_Requirement_. Reproduce the listing below in full and exactly; no pictures belong in the copy.

_Material provided_.
==================================================
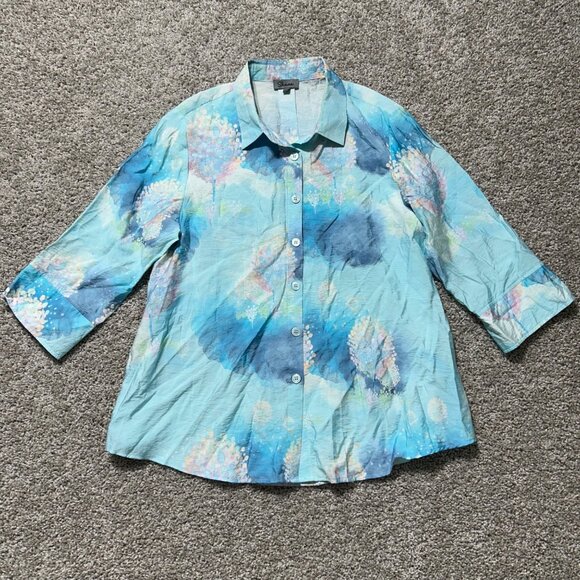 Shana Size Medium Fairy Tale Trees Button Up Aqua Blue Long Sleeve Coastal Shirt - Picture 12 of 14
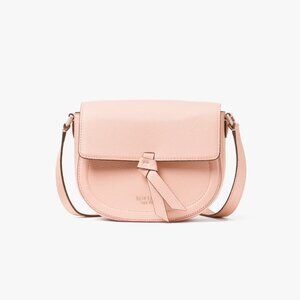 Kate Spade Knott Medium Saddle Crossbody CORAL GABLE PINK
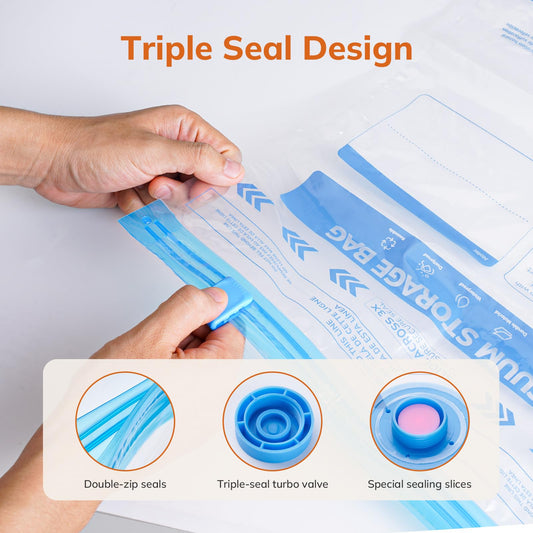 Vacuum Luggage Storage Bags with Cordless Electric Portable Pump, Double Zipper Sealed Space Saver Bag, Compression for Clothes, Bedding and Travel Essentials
==================================================
_Problem solution_.
 Shana Size Medium Fairy Tale Trees Button Up Aqua Blue Long Sleeve Coastal Shirt - Picture 12 of 14
 Kate Spade Knott Medium Saddle Crossbody CORAL GABLE PINK
 Vacuum Luggage Storage Bags with Cordless Electric Portable Pump, Double Zipper Sealed Space Saver Bag, Compression for Clothes, Bedding and Travel Essentials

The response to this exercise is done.